Why don't we use base 6 or 11?
The idea of a "base", and even the idea implicit in it of a consistent positional numbering system, is a relatively modern one. For that matter, even "base 10", in the sense of decimal numerals — the Hindu–Arabic numeral system we all use today — is relatively modern; witness the fact that much of Europe didn't begin to use it until well into the second millenium. The idea that we can count in any base is even newer.
Your argument might make sense if humanity started with the idea in mind of using a base-$b$ representation for some $b$, and then looked to their fingers to decide what the base $b$ should be. This of course is not what happened, nor even is it imaginable in any culture. The concrete precedes the abstract.
Instead, what we see historically is counting on one's fingers, and thus counting by fives or by tens, not counting in base 10. If you're counting on two hands, when you reach $10$ you literally run out of fingers to count, and that is where you have to leave a mental (or physical) note to yourself that you're done with one round of counting, and begin counting anew. (Similarly $5$, if using one hand.)
We can see traces of this "counting by $5$" or "counting by $10$" in early systems like Roman numerals: note that $8$ is represented as "VIII", denoting one count of five (done with one hand's worth of counting), and starting again, reaching up to $3$ in the process.

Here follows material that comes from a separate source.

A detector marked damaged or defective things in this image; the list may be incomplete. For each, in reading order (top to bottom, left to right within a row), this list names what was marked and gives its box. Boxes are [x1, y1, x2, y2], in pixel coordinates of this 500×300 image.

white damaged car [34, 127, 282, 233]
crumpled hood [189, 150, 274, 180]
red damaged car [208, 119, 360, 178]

Similarly, the representations "XX" and "XXX" show that they were being thought of as "two tens" and "three tens", rather than as "in base $10$, three in the tens place and zero in the units place" — the idea of base $10$ is not actually present. Thus "XXXVIII" literally denotes the process of counting: "three tens (three double-hands), a five (one hand) and three fingers". (There are even traces of counting by $20$s; consider the English "score" and French number names).
It was only after centuries of already counting by $10$s, conducting transactions with $10$-based words for numbers and so on, that the base-$10$ representation arose, as a representation system for the same numbers that everyone was already accustomed to thinking of in tens, and (very slowly) spread across the world.

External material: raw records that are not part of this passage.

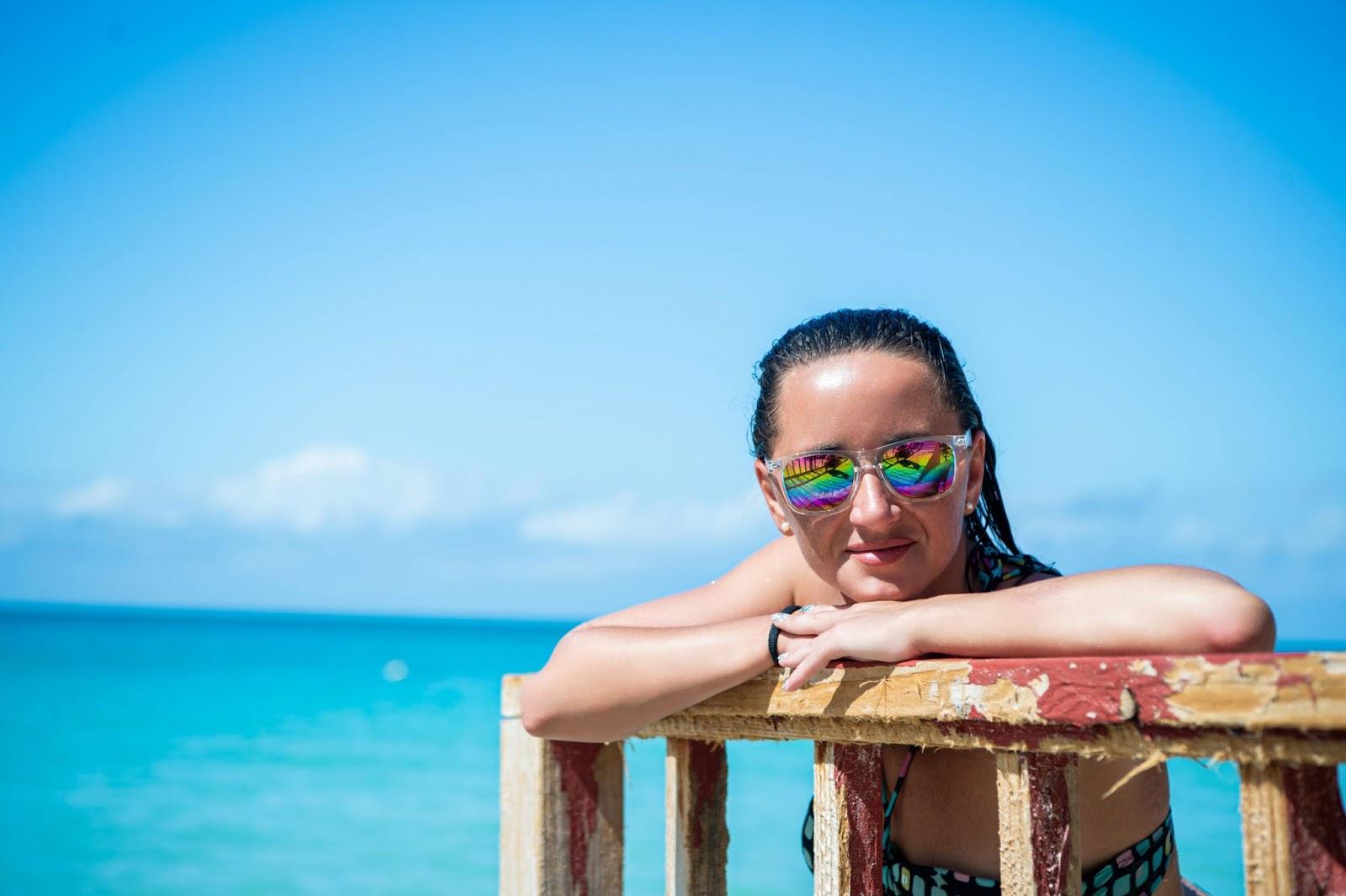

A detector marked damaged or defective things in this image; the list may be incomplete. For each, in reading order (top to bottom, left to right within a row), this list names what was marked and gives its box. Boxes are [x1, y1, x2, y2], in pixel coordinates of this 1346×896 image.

peeling red paint [552, 737, 606, 895]
peeling red paint [690, 737, 730, 848]
peeling red paint [831, 740, 882, 895]
peeling red paint [1023, 750, 1077, 888]
peeling red paint [1279, 764, 1339, 895]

Let's consider your base 6 proposal. You motivate $10_6$ to be the first number that you can't count on one hand. To be consistent, $20_6$ should be the first number that you can't count on two hands. But it isn't! Instead:
- $10_6$ is $1$ more than the number you can count on $1$ hand
- $20_6$ is $2$ more than the number you can count on $2$ hands
- $30_6$ is $3$ more than the number you can count on $3$ hands
What a strange pattern. Wouldn't it be better if $d$ more than the number you can count on $d$ hands were written $dd$? Well, that's what we get in base 5:
- $11_5$ is $1$ more than the number you can count on $1$ hand
- $22_5$ is $2$ more than the number you can count on $2$ hands
- $33_5$ is $3$ more than the number you can count on $3$ hands
And there's an even nicer pattern for numbers of the form $d0$:
- $10_5$ is the number you can count on $1$ hand
- $20_5$ is the number you can count on $2$ hands
- $30_5$ is the number you can count on $3$ hands
The same arguments apply to 10 versus 11.

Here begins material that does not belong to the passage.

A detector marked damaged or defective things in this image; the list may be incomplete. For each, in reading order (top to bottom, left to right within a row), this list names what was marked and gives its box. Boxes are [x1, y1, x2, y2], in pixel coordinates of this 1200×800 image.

Well, you're clearly aware that different cultures have used different bases, and indeed developed sophisticated mathematics using them. Further, most of the mathematical advances in the West over the last 500 years (say) would seem to have nothing to do with what base we use in ordinary life.
So I'm not quite sure where the "why" question comes in. I agree that claims that base 10 is "natural", or is more efficient than some other base, seem dubious. So what are we seeking to explain here, exactly?
If it's a simple causal explanation that's wanted -- "How did it come to be that we use base 10" -- then the answer is, I'm willing to bet, that it's an accident of history.
In other words: isn't this a bit like asking why we have 26 letters in the alphabet?